## [PROBLEM STATEMENT]
Transcribe every entry verbatim; omit pictures.

## [EXTRACTED ENTRIES]
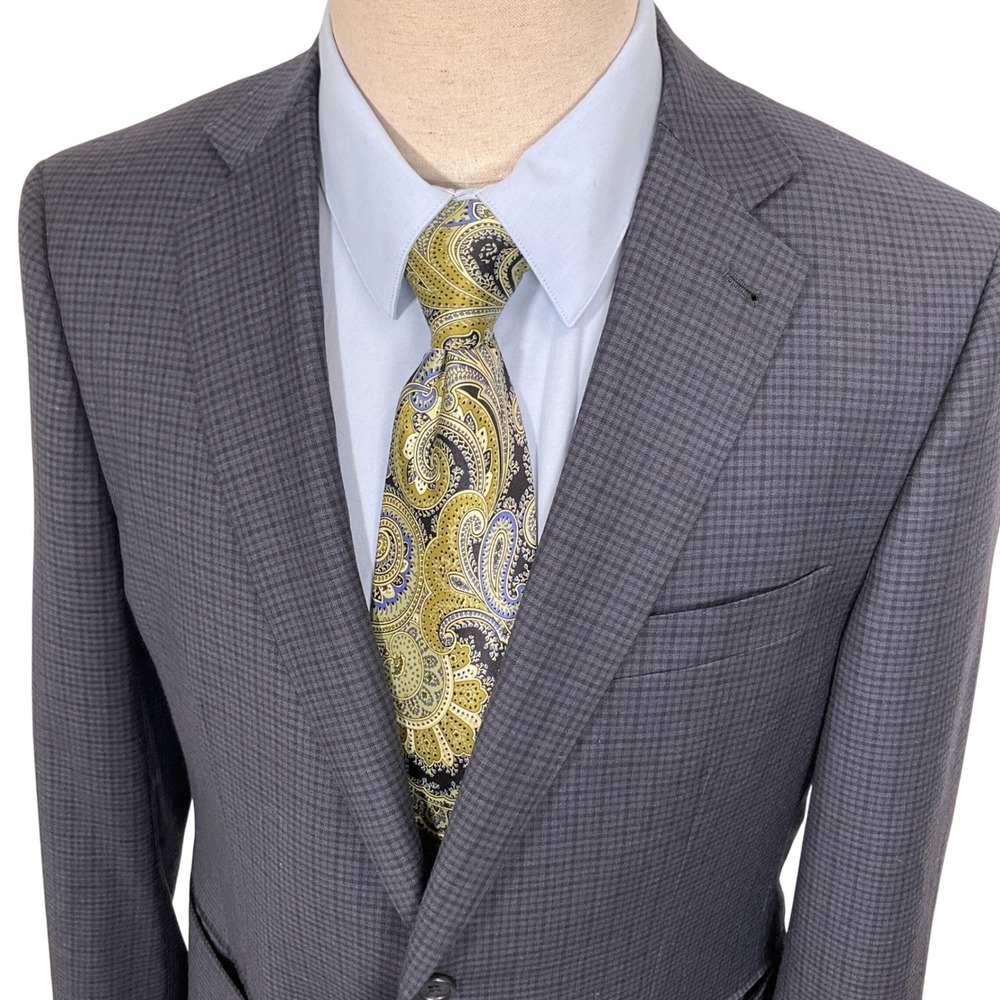 Zanetti Messina Blazer Mens 40S Navy Blue Gray Micro Check Jacket Lightweight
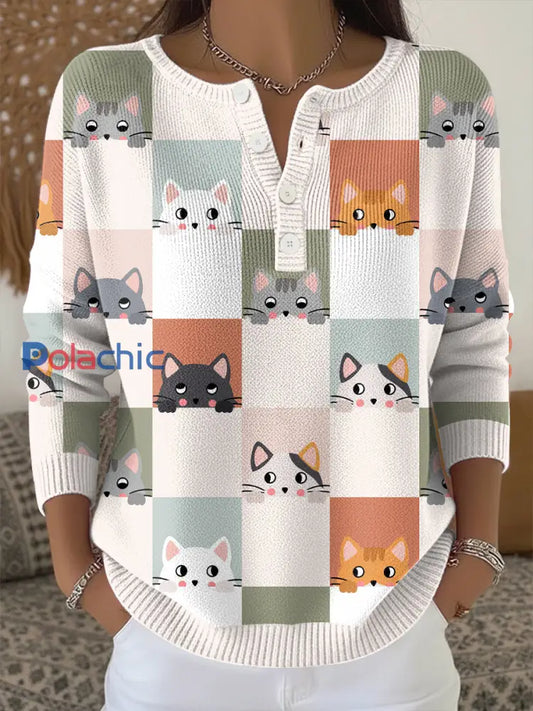 Haut en tricot imprimé animal Femme comme image / S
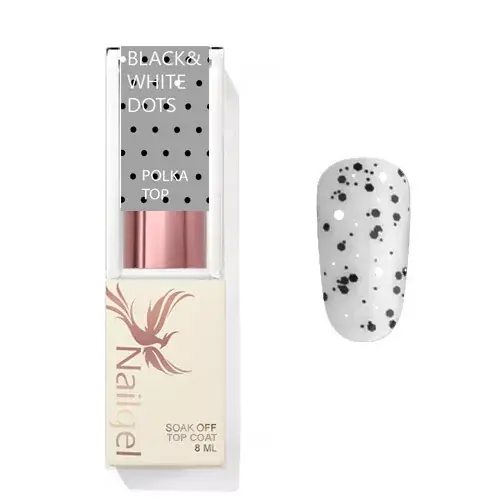 Akciós ár Polka Top Coat - Black&White dots - Fényzselé 8ml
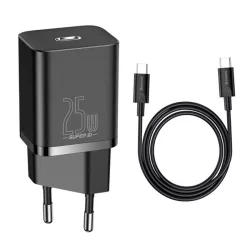   BASEUS hálózati töltő Type-C aljzat (25W, PD gyorstöltő + Type-C kábel) FEKETE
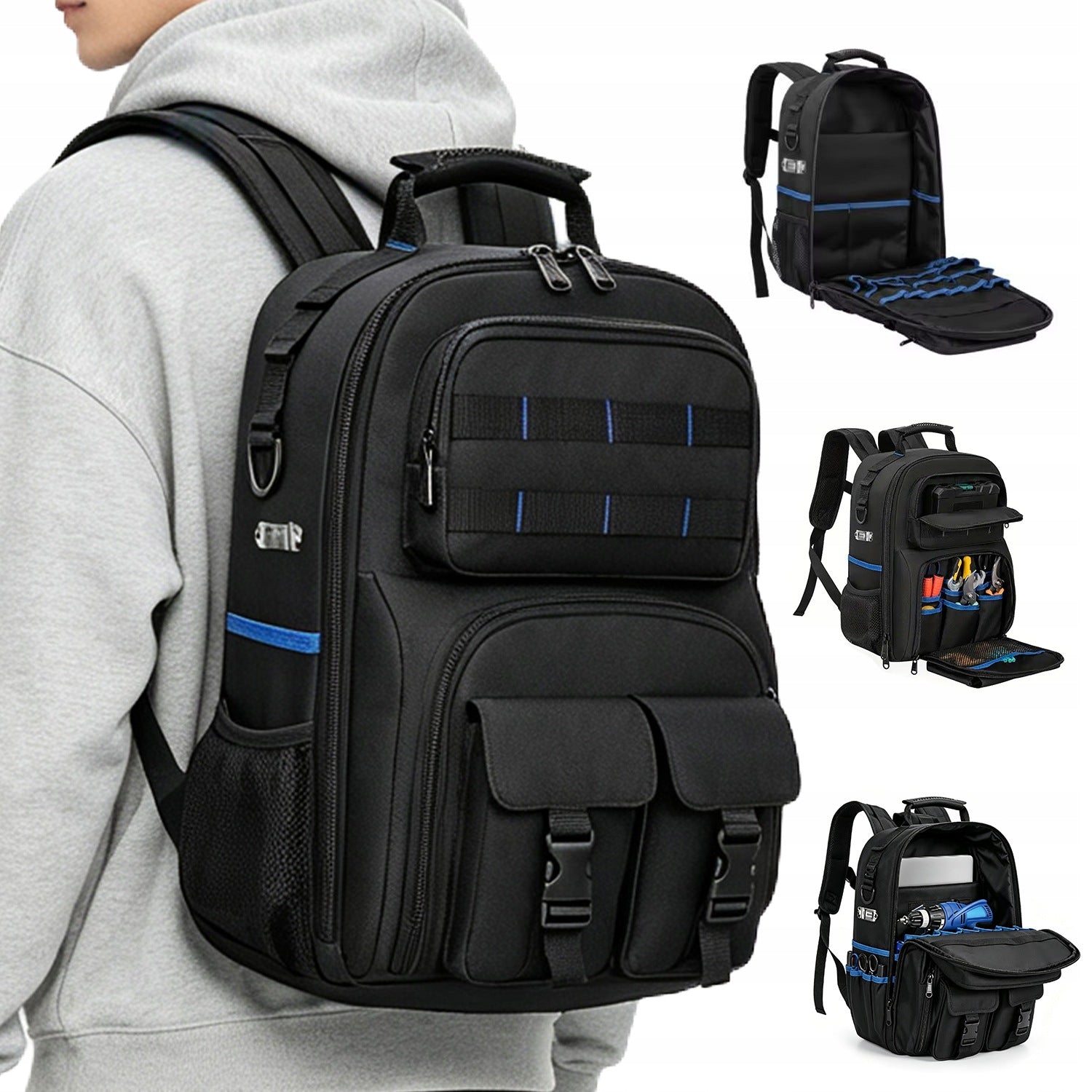 BACKPACK FOR FITTER ELECTRICIAN TOOL ASSEMBLY BLACK DURABLE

## [OUTPUT FOR THIS EXERCISE]
 Zanetti Messina Blazer Mens 40S Navy Blue Gray Micro Check Jacket Lightweight
 Haut en tricot imprimé animal Femme comme image / S
 Akciós ár Polka Top Coat - Black&White dots - Fényzselé 8ml
   BASEUS hálózati töltő Type-C aljzat (25W, PD gyorstöltő + Type-C kábel) FEKETE
 BACKPACK FOR FITTER ELECTRICIAN TOOL ASSEMBLY BLACK DURABLE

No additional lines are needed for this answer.